In some instances, compositions and systems are further provided herein. In some instances, a composition or system provided herein includes a first RTL probe and a second RTL probe hybridized to an analyte, wherein the first RTL probe and the second RTL probe are substantially complementary to adjacent sequences of the analyte, and wherein the second RTL probe comprises a 5′ FLAP. In some instances, a composition or system provided herein includes a first RTL probe and a second RTL probe hybridized to an analyte, wherein the first RTL probe and the second RTL probe each comprise a sequence that is substantially complementary to adjacent sequences of the gDNA analyte; wherein the first RTL probe and the second RTL probe are capable of forming an invasive cleavage structure in the presence of the genetic variant; and wherein the second RTL probe further comprises a 5′ FLAP. In some instances, the 5′ FLAP comprises a sequence that is capable of hybridizing to a capture domain of a capture probe. In some instances, the capture probe further comprises a spatial barcode. In some instances, the capture probe is part of a plurality of capture probes affixed to any one of the substrates or arrays as described throughout this disclosure.

EXAMPLES
Example 1—Detecting an gDNA Analyte in a Biological Sample Using a 5′ FLAP

This example provides an exemplary method of determining the presence or absence of an analyte in a biological sample. In a non-limiting example, a first RTL probe and a second RTL probe are substantially complementary to adjacent sequences of the gDNA analyte, and wherein the second RTL probe includes a 5′ FLAP. In the presence of the gDNA analyte in the biological sample, the first and second probes hybridize to the gDNA analyte, the second RTL probe is cleaved thereby releasing the 5′ FLAP. The sequence of the 5′ FLAP is determined and the determined sequence of the 5′ FLAP is used to detect the gDNA analyte.

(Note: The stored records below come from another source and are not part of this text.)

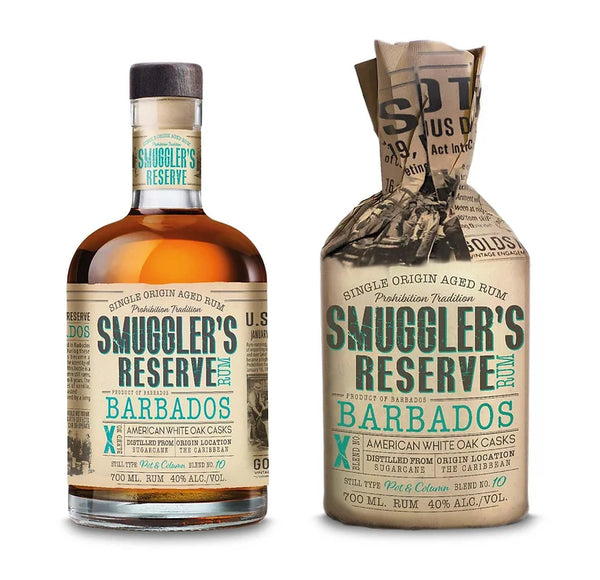 SMUGGLER'S RESERVE BARBADOS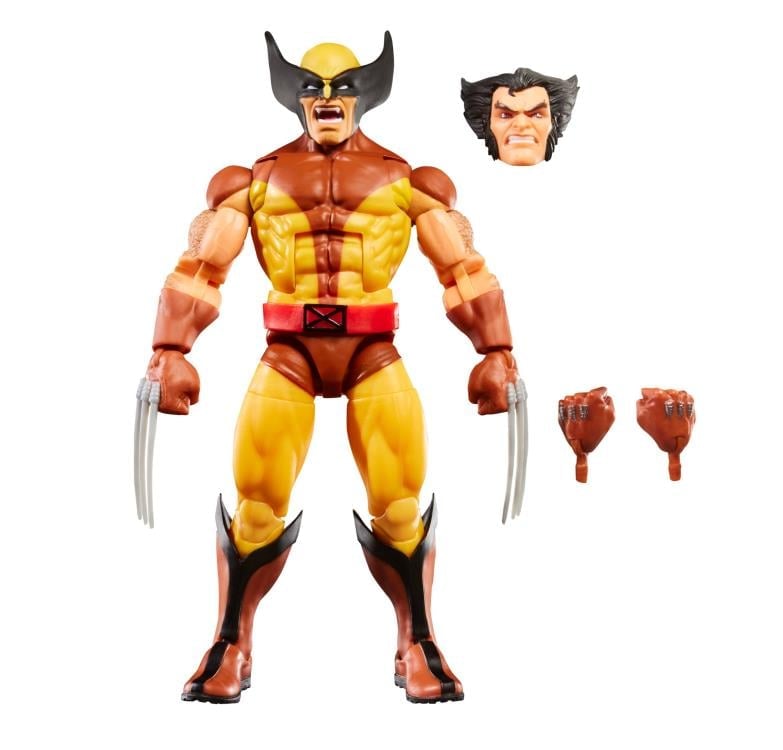 X-Men '97 Marvel Legends Wolverine and Storm Two-Pack image 10
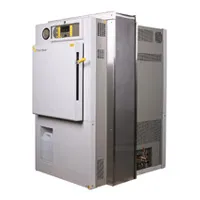 Latest Autoclave Provides Sterile Transit Path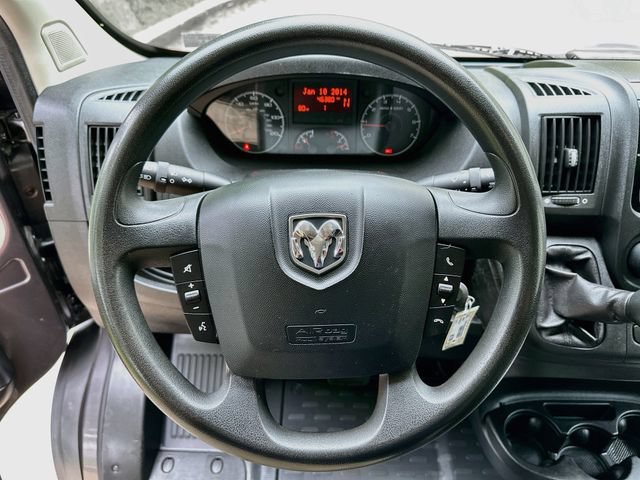 Used 2015 RAM ProMaster 3500 w/ Interior Convenience Group FWD image 13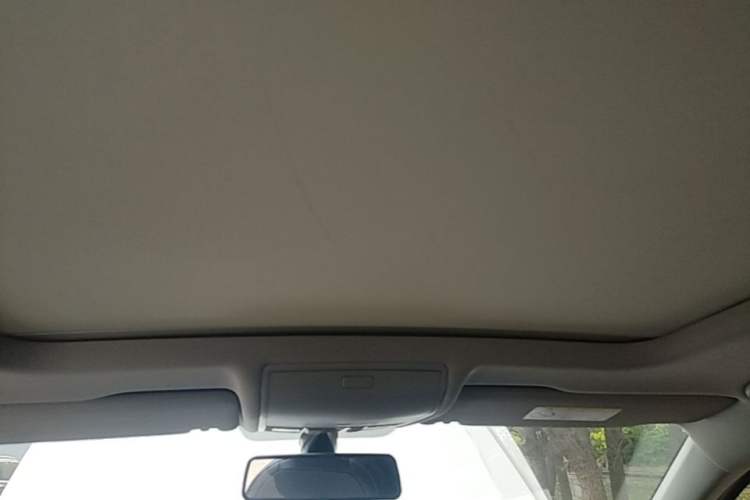 Used Volkswagen Tiguan L 2021 330TSI Automatic Two-Wheel Drive Smart Edition Headliner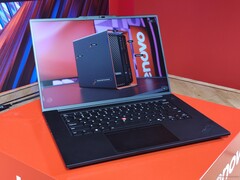 Lenovo ThinkPad P1 Gen 8 ((kép forrása: Benjamin Herzig)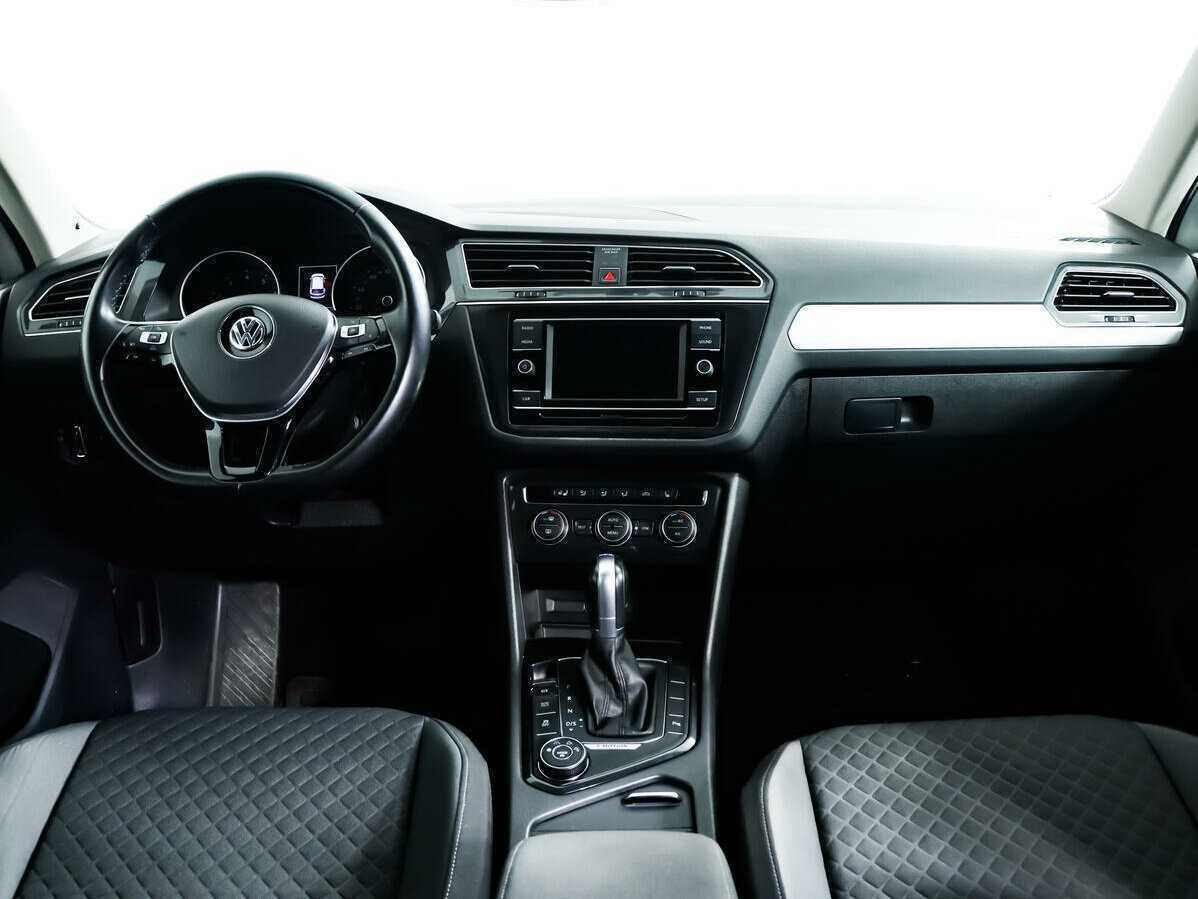 Купить Volkswagen Tiguan, 2017, 84 005 км.. Фото: #10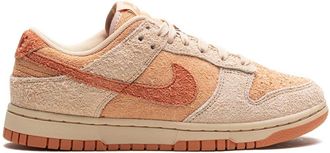 Nike Dunk Low Burnt Sunrise sneakers - women - Suede - 11.5 - Orange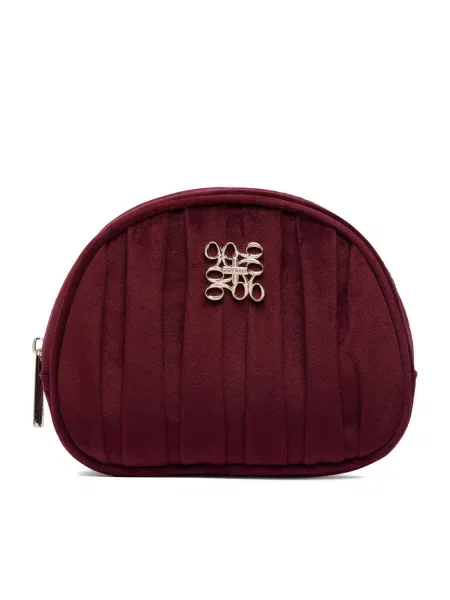 Косметичка Nine West Бордовий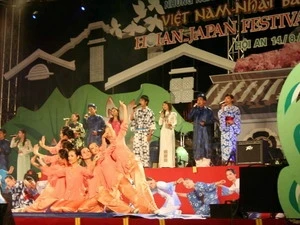 VN-Japan Cultural Exchange Days open in Hoi An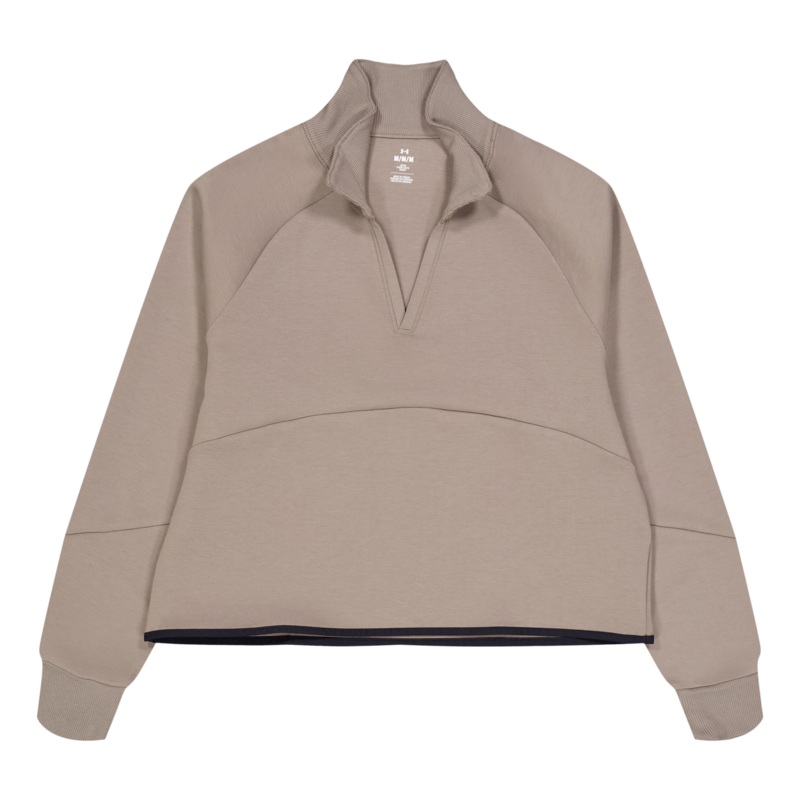Unstoppable Flc Rugby Crop Brown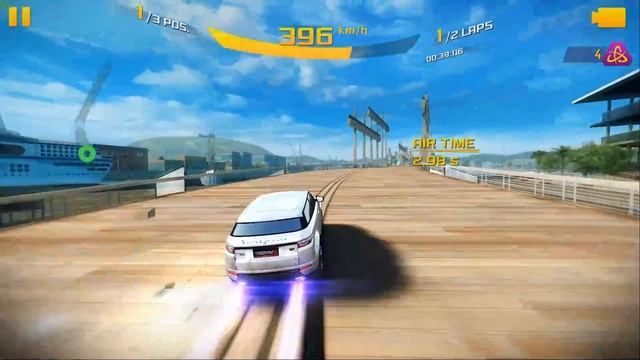 Still A Freaking Beast !! | Range Rover Evoque Multiplayer Test In Asphalt 8 смотреть онлайн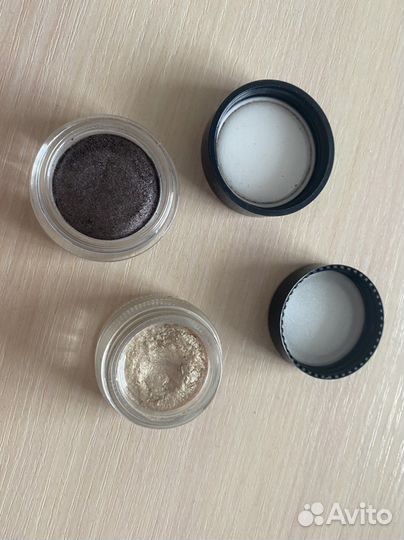 Тени, блестки для глаз dior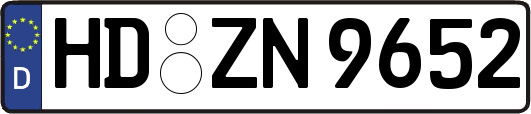 HD-ZN9652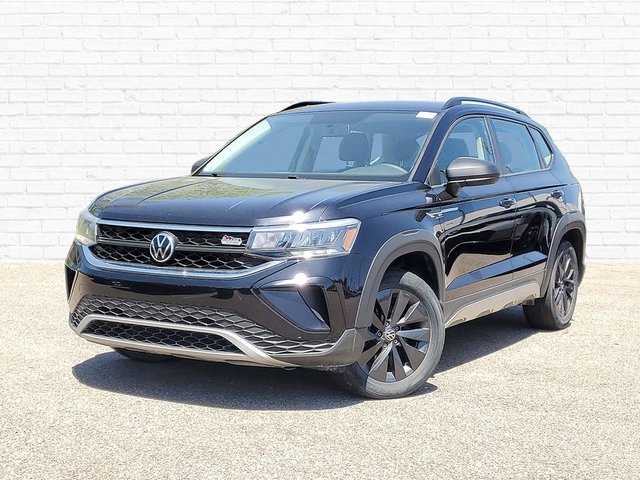 2022 Volkswagen Taos 1.5T S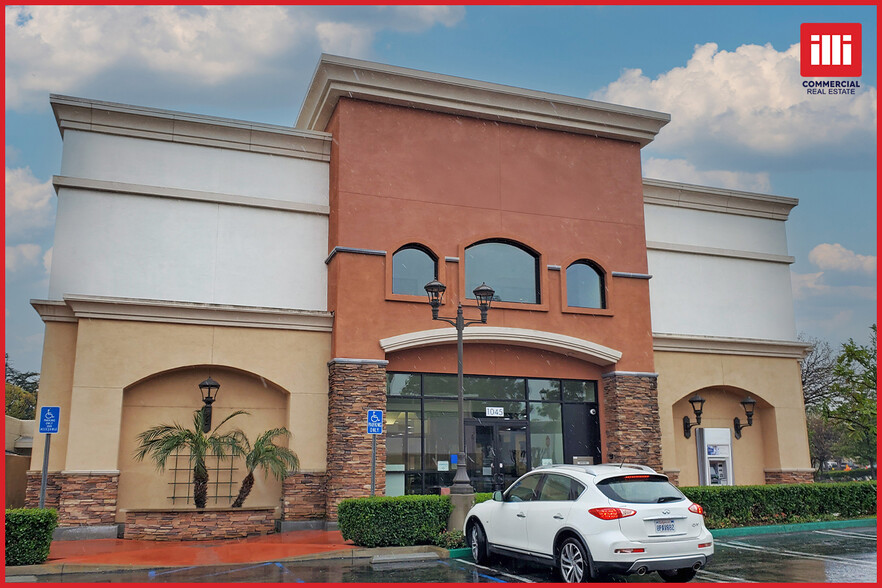 Primary Photo Of 1045 W Huntington Dr, Arcadia Bank For Lease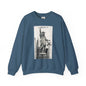 Sweatshirt Statue of Liberty Unisex by Mariu del Campo.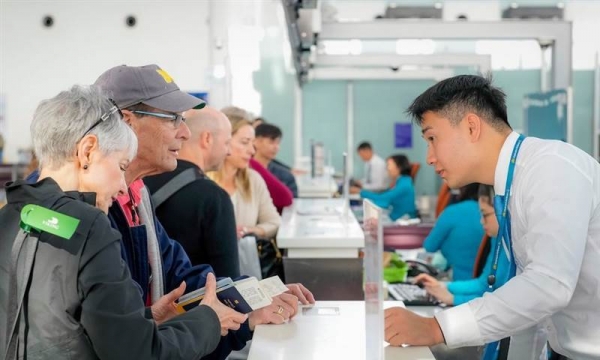 217 hành  khách quốc tế đến Việt Nam bị từ chối nhập cảnh trong 2 tháng đầu năm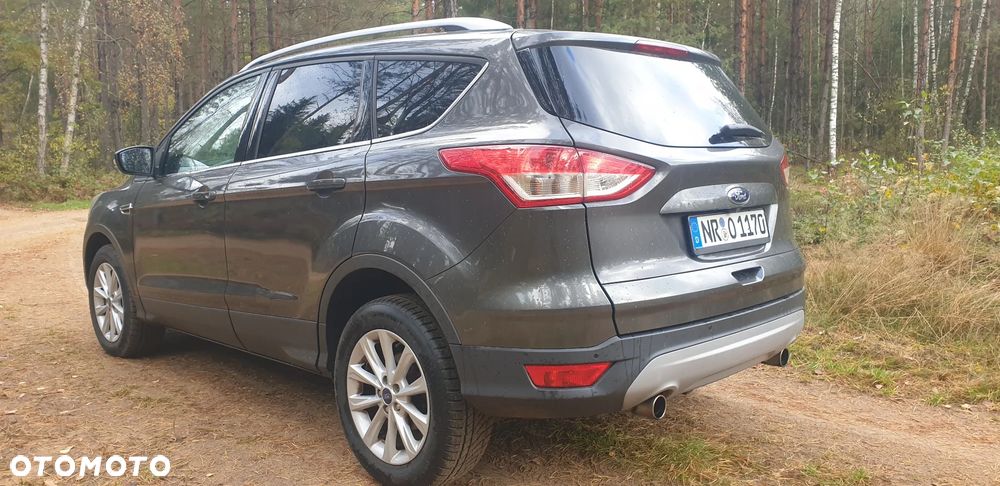 Ford Kuga 1.5 EcoBoost FWD Titanium Plus ASS - 8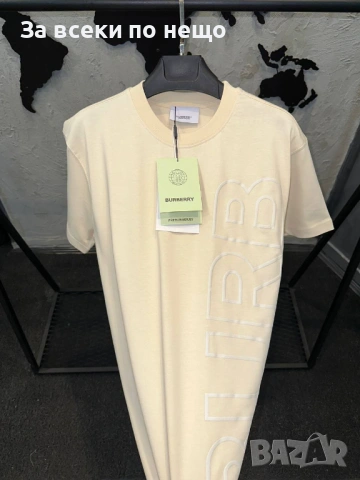 Burberry Мъжка Тениска👕Мъжка Блуза С Къс Ръкав Бърбъри Код MensPoint13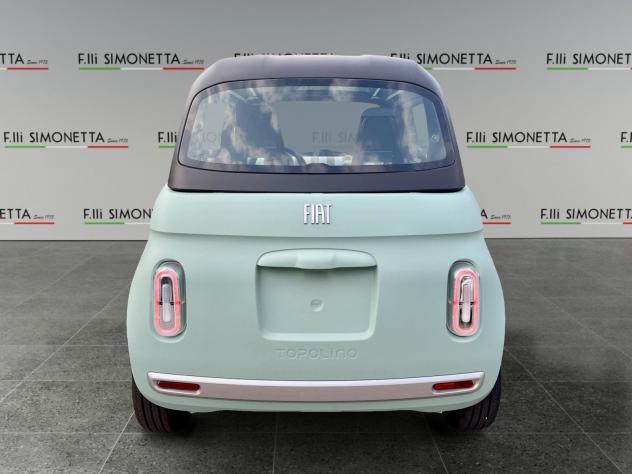 FIAT Topolino 6Kwh - KM0 - Foto 5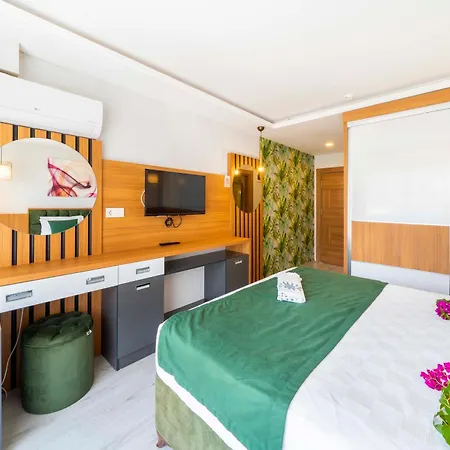 Mogons Exclusive Hotel Kalkan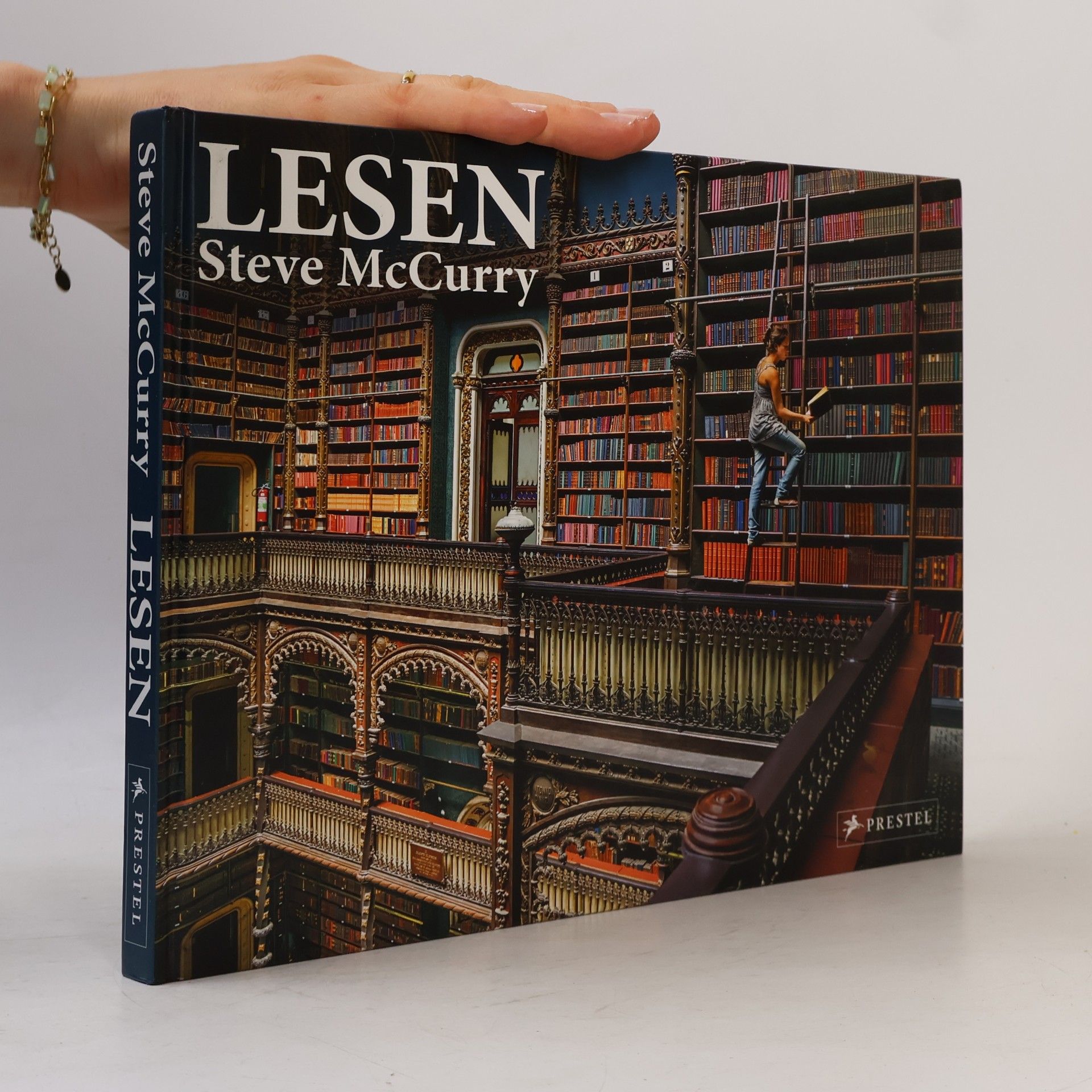 Steve McCurry Lesen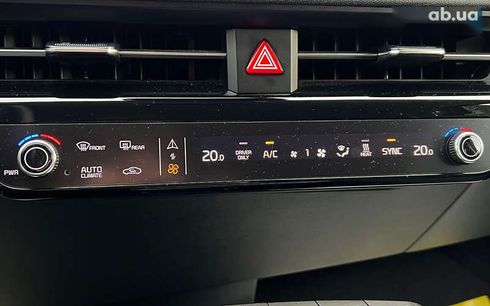 Kia EV6 2024 - фото 16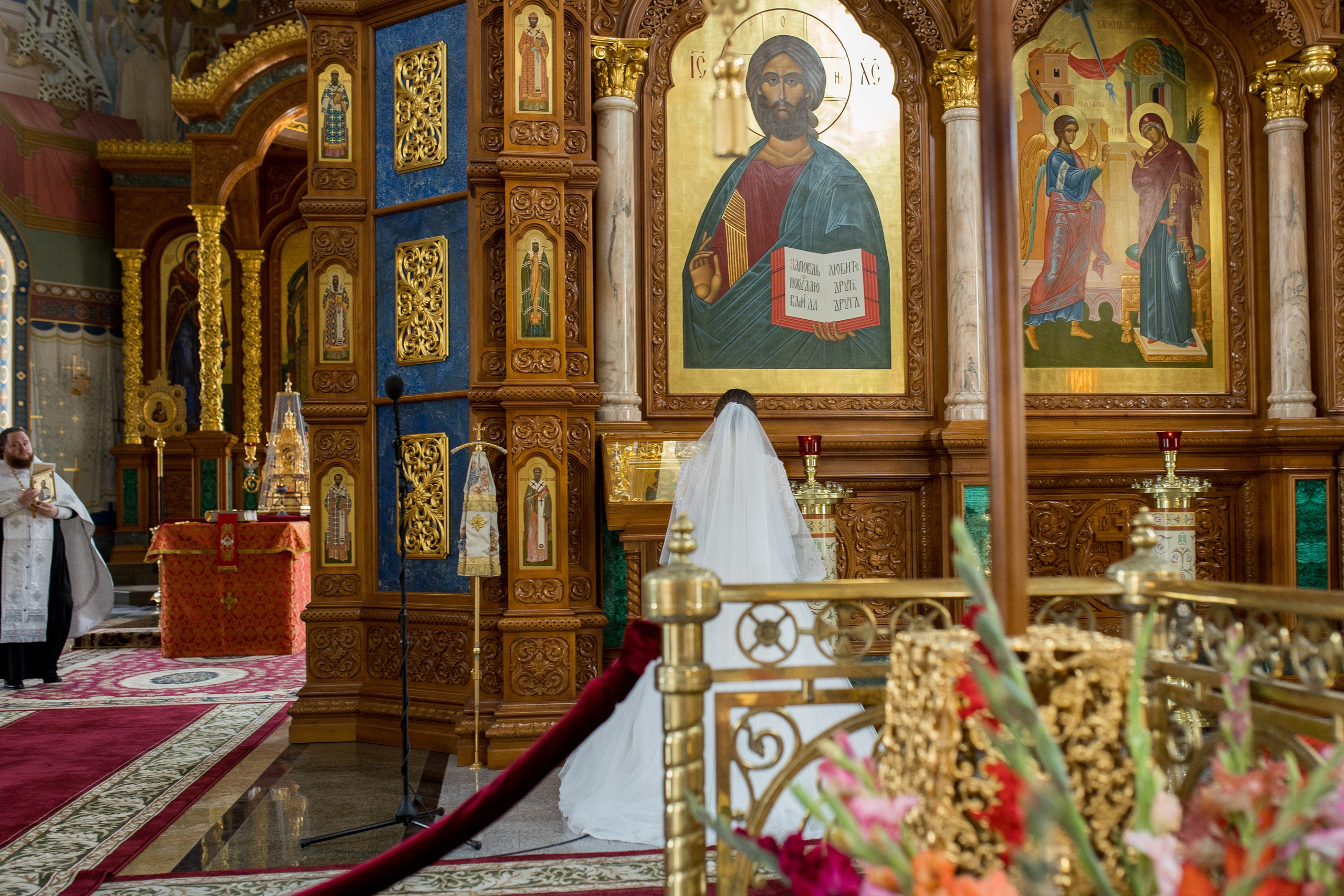 Венчание. Владислав Волков | Фотография и видеосъемка в Воронеже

As shown in FIG. 5, a gDNA analyte is contacted with a first RTL probe (LHS) and a second RTL probe (RHS). The first RTL probe includes a sequence that is substantially complementary to a sequence that is 3′ of a target sequence. The second RTL probe includes a 5′ FLAP sequence (e.g., a smRNA R2 handle, and a barcode) and a sequence that is substantially complementary to a sequence that is 5′ of the target sequence. Prior to hybridization, the gDNA analyte is denatured under conditions to enable hybridization the RTL probes to the gDNA analyte. The first RTL probe and the second RTL probe can then hybridize to the gDNA analyte. Excess first and second probes are washed off. FEN1 endonuclease cleaves the 5′ FLAP thereby removing the 5′ FLAP from the second RTL probe. The cleavage occurs when the first RTL probe hybridizes to a sequence that is adjacent to a sequence to which the second RTL probe is hybridized. Following FEN1-mediated cleavage, all or part of the sequence of the 5′ FLAP is determined and used to detect a gDNA analyte in a biological sample. Detection can occur via florescence (e.g., FRET pair and release of the FLAP resulting in fluorescence detection).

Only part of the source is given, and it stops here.